What needs to be done: When the line with "PS2 KIDS BUNDLE" appears below, start repeating lines exactly, and keep going through the line with "Donkergroen T-shirt met klaver FOOTBALL"; add nothing outside that span.

(Beginning of Data for analysis)

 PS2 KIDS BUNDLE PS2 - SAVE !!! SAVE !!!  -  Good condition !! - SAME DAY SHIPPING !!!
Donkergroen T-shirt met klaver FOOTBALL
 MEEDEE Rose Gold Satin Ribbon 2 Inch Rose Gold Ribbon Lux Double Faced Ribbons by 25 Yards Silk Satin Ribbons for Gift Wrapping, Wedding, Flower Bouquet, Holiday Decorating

(End of Data for analysis)
(Beginning of Data for analysis)

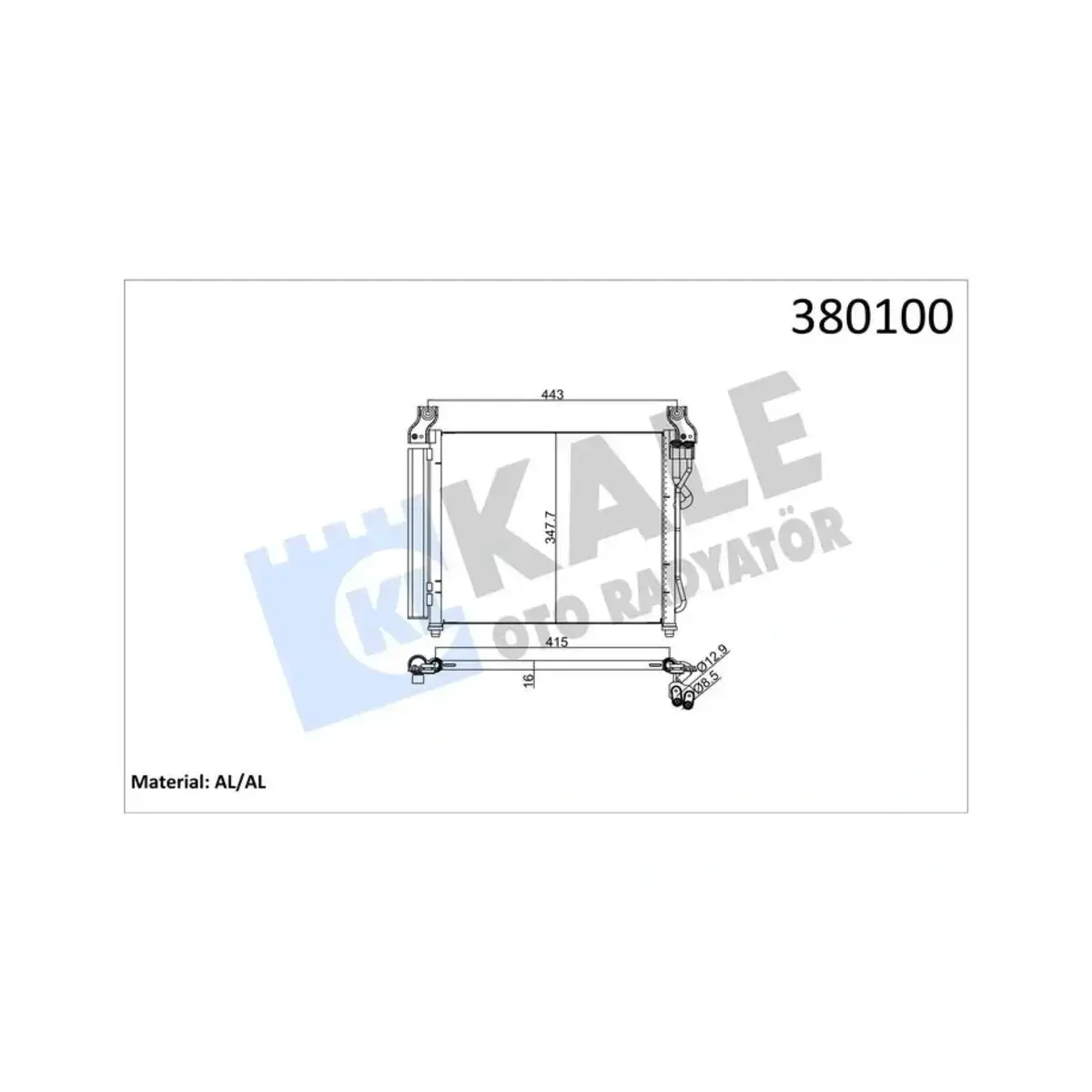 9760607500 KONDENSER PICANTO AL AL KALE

(End of Data for analysis)
(Beginning of Data for analysis)

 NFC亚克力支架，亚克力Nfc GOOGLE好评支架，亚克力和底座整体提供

(End of Data for analysis)

Response for this exercise:
 PS2 KIDS BUNDLE PS2 - SAVE !!! SAVE !!!  -  Good condition !! - SAME DAY SHIPPING !!!
Donkergroen T-shirt met klaver FOOTBALL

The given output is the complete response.